Latin America’s largest venture capital (VC) outfit has reportedly raised $1 billion this year.

The Brazilian firm Kaszek is waiting for new deal opportunities to present themselves, and for more mature companies to possibly accept new valuations as their cash runs short, Bloomberg News reported Monday (Oct. 9).

Kaszek Co-Founder Hernan Kazah told Bloomberg that founders are now realizing the need to balance profitability with growth following a tough funding year in 2022, leading to an uptick in deals for his firm.

The company’s success is happening amid a sharp downturn in funding for Latin American startups. As noted here in August, two thirds of startups in that region have cut staff in the last 18 months as VC investments have dropped by 65%.

According to the Bloomberg report, Kaszek has invested in seven companies this year — compared to just two in 2022 — including a recent $13 million investment in Colombian FinTech Cobre.

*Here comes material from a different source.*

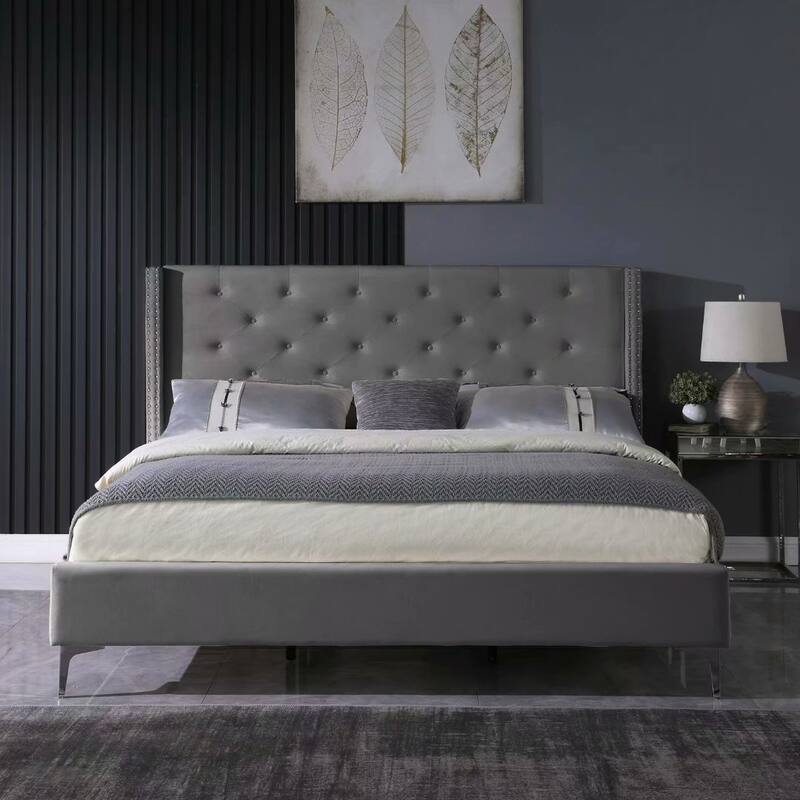 King-sized Velvet Platform Bed Frame - Grey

“Companies are still struggling trying to find the right model, the right unit economics, and the right balance between burn and growth,” Kazah said. “Some of those will get capital, maybe at a totally different valuation than what they raised last time, and some might not make it.”

PYMNTS looked at the divide between growth and profitability in a recent conversation with Charlie Youakim, CEO of Sezzle and Peter Beckman, CEO and co-founder of Treyd.

As that report notes, forward-thinking FinTechs have taken a harder look at customer relationships and in some cases pausing new go-to-market initiatives altogether.

“It may seem incongruous that executives would walk away from the potential to gain market share,” that report said.

But as Youakim and Beckman told PYMNTS’ Karen Webster, there’s an urgent need to reexamine costs as interest rates stay high, taking the cost of capital with it.

“I still hear it,” Youakim said, “even through this time period. People still just talk about revenue. But who cares about your revenue — unless you’re talking about driving profitable revenue.”

He added that tough times won’t be forever, and the companies that refocus on their operations and the levers they can pull — and rely on peers to learn about best practices — will come out of this period all the stronger.

As he told PYMNTS: “Get back to the business fundamentals … because it turns out that the business fundamentals work.”